Happy Fourth of July everyone. I chose a pretty much all American film to watch last night, Twin Peaks: Fire Walk with Me. I actually just finished watching through the first two seasons of the series again and I'm looking forward to starting season three again next week. It's funny how the show that seemed so much about sweaters and misty, evergreen forests basically became an ideal summer series in its third season. But time had long since changed David Lynch from a director of small town Americana of the north to one who passionately loves desert landscapes and towns.

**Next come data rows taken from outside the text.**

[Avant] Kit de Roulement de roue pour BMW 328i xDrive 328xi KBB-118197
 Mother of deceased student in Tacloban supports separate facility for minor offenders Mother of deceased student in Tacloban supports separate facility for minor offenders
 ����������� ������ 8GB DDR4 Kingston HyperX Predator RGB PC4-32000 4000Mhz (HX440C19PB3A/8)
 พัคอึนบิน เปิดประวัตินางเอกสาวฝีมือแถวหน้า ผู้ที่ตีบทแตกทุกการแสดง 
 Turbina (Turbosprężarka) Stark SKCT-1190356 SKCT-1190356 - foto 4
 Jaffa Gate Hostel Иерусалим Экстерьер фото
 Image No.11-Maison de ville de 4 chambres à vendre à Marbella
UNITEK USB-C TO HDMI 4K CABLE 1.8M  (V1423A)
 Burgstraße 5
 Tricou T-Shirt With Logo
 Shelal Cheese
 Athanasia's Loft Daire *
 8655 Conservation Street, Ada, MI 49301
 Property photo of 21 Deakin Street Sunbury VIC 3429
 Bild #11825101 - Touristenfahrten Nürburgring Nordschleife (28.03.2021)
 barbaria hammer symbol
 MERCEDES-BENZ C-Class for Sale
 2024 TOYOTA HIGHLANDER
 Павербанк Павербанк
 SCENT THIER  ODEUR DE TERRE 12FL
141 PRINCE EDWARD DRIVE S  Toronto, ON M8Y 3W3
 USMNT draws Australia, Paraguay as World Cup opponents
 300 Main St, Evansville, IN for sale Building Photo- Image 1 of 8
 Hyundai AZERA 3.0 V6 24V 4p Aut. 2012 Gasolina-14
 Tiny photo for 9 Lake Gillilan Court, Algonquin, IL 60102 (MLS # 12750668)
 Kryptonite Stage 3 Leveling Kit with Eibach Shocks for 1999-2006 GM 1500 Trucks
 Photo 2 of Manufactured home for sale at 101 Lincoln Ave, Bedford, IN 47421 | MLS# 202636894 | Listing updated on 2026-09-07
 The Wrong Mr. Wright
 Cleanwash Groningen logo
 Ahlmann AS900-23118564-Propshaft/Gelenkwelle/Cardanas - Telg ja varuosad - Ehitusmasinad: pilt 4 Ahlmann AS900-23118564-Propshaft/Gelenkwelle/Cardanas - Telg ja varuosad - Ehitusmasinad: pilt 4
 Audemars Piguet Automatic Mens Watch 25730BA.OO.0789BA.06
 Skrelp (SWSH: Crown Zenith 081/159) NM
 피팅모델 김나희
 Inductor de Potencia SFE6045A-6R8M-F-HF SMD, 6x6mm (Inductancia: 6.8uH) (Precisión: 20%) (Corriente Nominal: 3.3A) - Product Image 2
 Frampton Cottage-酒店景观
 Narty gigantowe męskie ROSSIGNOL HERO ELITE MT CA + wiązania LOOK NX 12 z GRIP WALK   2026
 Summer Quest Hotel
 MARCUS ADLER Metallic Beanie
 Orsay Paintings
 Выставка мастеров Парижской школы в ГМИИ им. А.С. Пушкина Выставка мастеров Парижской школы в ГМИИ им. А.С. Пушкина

I wonder if all small towns are somewhat like Twin Peaks, not just American towns. It's not that the cheerful, graciously communal layer is an empty veneer but it seems inevitable that there would be a dark flipside to it as the leverage petty and competitive people apply to the secrets of their co-inhabitants mingles with the restlessless of dwelling within the scope of the small town. Would Nadine have gone mad in a big city where she might have been forced to meet an alternative to Ed? Certainly Ed and Norma wouldn't have to work so hard to keep their relationship secret. Would it be so easy for Leo to abuse Shelly in a densely populated neighbourhood? Obviously domestic abuse still occurs in cities but that Sherlock Holmes quote that comes to me so often comes to me again:
The pressure of public opinion can do in the town what the law cannot accomplish. There is no lane so vile that the scream of a tortured child, or the thud of a drunkard’s blow, does not beget sympathy and indignation among the neighbours, and then the whole machinery of justice is ever so close that a word of complaint can set it going, and there is but a step between the crime and the dock. But look at these lonely houses, each in its own fields, filled for the most part with poor ignorant folk who know little of the law. Think of the deeds of hellish cruelty, the hidden wickedness which may go on, year in, year out, in such places, and none the wiser.